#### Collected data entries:
'''

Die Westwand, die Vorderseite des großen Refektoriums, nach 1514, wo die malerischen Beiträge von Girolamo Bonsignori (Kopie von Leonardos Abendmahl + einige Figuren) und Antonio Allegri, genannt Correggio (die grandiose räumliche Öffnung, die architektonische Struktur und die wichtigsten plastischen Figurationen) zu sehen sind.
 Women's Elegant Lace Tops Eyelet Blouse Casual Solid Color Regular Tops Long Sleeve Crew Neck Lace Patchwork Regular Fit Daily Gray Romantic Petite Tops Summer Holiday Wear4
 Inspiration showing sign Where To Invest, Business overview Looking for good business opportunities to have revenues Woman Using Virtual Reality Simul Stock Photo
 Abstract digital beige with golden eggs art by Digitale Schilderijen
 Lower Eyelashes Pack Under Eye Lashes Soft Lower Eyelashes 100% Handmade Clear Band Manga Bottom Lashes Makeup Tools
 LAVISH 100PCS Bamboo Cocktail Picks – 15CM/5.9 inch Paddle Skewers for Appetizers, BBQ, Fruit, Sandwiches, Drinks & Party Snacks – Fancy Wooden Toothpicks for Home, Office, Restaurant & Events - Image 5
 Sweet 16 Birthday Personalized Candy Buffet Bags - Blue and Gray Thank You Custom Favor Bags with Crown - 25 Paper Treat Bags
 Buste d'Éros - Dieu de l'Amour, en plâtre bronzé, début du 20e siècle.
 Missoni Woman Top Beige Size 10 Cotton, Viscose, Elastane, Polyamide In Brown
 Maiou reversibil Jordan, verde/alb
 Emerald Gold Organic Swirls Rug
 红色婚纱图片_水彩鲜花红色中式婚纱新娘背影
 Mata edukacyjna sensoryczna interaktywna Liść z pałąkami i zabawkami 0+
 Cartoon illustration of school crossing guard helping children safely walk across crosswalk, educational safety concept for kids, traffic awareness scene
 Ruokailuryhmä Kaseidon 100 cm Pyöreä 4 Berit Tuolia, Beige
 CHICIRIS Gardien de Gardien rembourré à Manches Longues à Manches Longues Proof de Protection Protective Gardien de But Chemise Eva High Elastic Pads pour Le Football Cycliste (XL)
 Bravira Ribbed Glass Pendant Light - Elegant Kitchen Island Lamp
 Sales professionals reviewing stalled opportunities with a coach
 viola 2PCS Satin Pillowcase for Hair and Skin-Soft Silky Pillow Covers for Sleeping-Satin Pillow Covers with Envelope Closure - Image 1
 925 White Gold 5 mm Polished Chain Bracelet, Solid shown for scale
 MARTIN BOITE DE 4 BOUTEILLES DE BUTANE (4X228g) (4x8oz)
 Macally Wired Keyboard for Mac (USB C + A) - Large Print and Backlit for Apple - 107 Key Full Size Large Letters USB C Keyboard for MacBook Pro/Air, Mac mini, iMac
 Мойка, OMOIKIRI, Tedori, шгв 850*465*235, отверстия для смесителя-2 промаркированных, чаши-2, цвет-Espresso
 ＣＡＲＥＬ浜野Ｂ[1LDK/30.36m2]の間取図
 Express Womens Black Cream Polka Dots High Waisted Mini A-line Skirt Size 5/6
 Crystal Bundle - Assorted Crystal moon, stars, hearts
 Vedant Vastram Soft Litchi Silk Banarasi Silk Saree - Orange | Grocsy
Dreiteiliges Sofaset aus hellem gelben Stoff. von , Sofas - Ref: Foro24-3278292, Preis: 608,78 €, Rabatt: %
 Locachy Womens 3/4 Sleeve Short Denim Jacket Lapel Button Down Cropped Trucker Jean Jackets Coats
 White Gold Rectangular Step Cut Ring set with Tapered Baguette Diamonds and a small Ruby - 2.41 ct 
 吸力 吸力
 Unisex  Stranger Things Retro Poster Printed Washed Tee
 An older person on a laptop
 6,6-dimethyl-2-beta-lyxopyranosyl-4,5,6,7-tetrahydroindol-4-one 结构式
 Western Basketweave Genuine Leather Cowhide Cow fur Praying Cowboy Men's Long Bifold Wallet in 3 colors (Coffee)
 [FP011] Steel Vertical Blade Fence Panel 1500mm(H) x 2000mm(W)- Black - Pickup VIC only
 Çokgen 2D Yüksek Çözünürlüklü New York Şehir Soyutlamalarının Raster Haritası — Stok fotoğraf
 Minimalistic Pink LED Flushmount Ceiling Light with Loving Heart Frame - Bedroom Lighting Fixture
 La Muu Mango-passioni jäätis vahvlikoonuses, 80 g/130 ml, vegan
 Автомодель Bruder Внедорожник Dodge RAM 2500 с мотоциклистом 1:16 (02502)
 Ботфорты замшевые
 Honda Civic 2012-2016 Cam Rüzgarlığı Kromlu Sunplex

'''

#### TASK STATEMENT:
Return a copy of each line in the entries that carries the string "Size".

#### TASK ANSWER:
 Missoni Woman Top Beige Size 10 Cotton, Viscose, Elastane, Polyamide In Brown
 Macally Wired Keyboard for Mac (USB C + A) - Large Print and Backlit for Apple - 107 Key Full Size Large Letters USB C Keyboard for MacBook Pro/Air, Mac mini, iMac
 Express Womens Black Cream Polka Dots High Waisted Mini A-line Skirt Size 5/6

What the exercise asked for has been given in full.